SELECT meta().id, * FROM cms WHERE _type = “Category” AND _active = TRUE AND parent IS NOT VALUED

@egrep @simonbasle, if i recall correctly once couchbase got in this bad state it didnt matter what query I sent it would always timeout but here is one of my examples

select location.id, trigger 
from read as location 
unnest location.trigger 
where location.trigger is not missing 
and location.id is not missing 
and location.docType = 'locationV2' 
and location.areaId = '124gff';  

Hopefully the query alone can be of some value i will not be able to provide the actual document as it contains sensitive information.

@parasdiwan did 2.2.7 do the trick for you?

@simonbasle,
just for interest, what is the further fate of “potentially hanged / delayed” observable after this point ?
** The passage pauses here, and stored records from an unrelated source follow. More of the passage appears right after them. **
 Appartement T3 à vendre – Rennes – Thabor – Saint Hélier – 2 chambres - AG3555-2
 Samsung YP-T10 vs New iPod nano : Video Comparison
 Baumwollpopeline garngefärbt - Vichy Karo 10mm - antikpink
@mlblount45 yes, 2.2.7 is working just fine. Thanks for your help

@parasdiwan :thumbsup:

This problem is not query specific. Timeout exception occurred for every N1ql query.
This query mentioned above is just an example

ok, good to know…

@parasdiwan @mlblount45 does it affect other types of payload that you guys know of? (key/value, views)
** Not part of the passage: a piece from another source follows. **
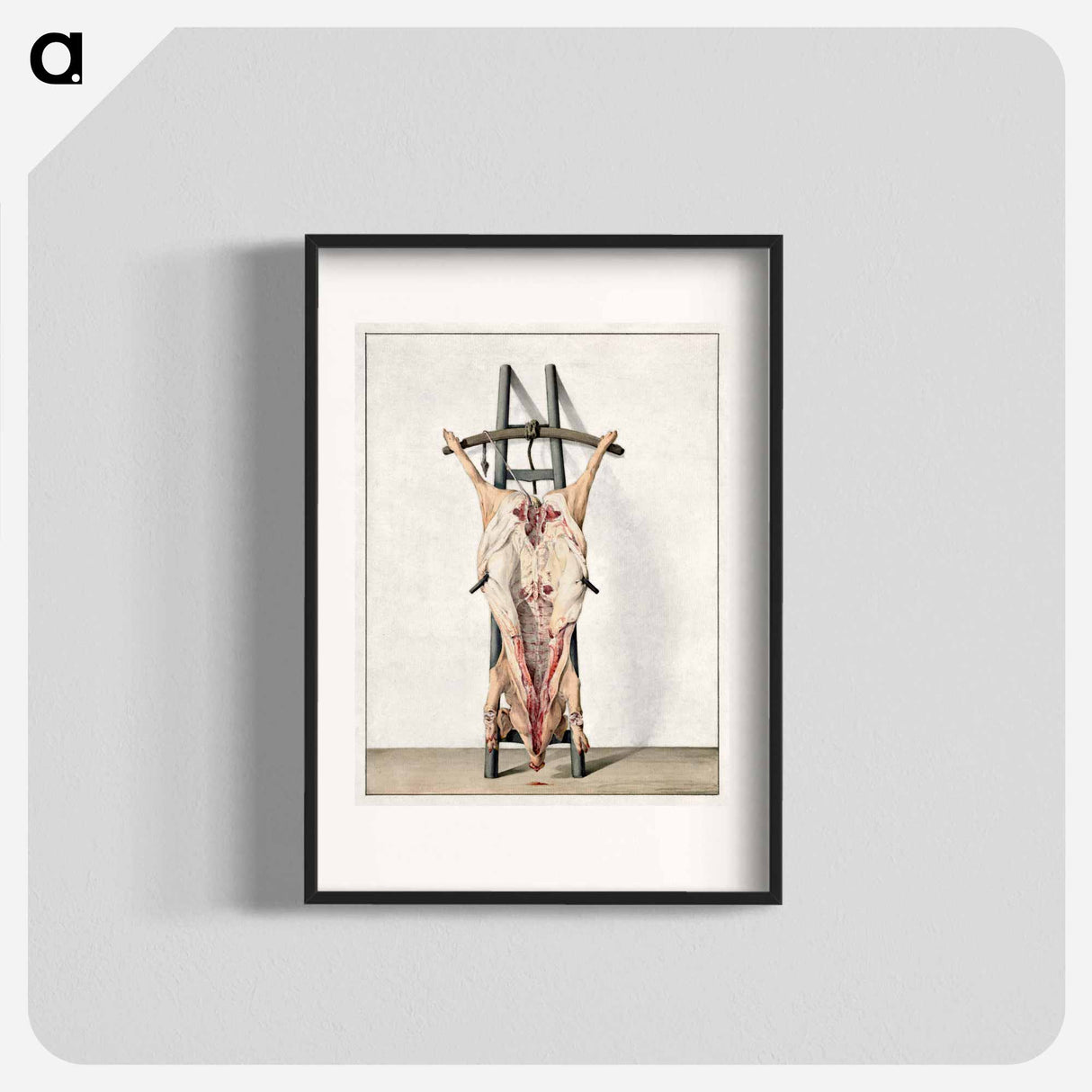 Dead pig - Jean Bernard Poster.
note that 2.2.6 and 2.2.7 have a bug with keepalive, where keep alive requests are not sent anymore (due to a netty configuration change, the idleness of the socket isn’t detected anymore).

@simonbasle

  1. Sorry I can’t confirm I didn’t try any of these while experiencing the timeouts.
  2. so would you recommend going to version 2.2.8 any large defects there? (hopefully this timeout issue isn’t there)
  3. in response to your comment a few day ago: “hey @mlblount45, do you have more specifics on that pre-existing issue”: https://issues.couchbase.com/browse/JCBC-692

Same problem here with spring-boot application using spring-data-couchbase version 2.0.0.RELEASE (making use of java-client 2.2.3). Blocking.blockForSingle is throwing RuntimeException for parameterized N1QL query. Same query performs wel with cbq. Strange thing is that the application was working for a while and is still working on other machines.
After updating java-client to version 2.2.8 problem seems to be fixed.
While switching back and forward between java-client versions 2.2.3 and 2.2.8 the problem can be reproduced.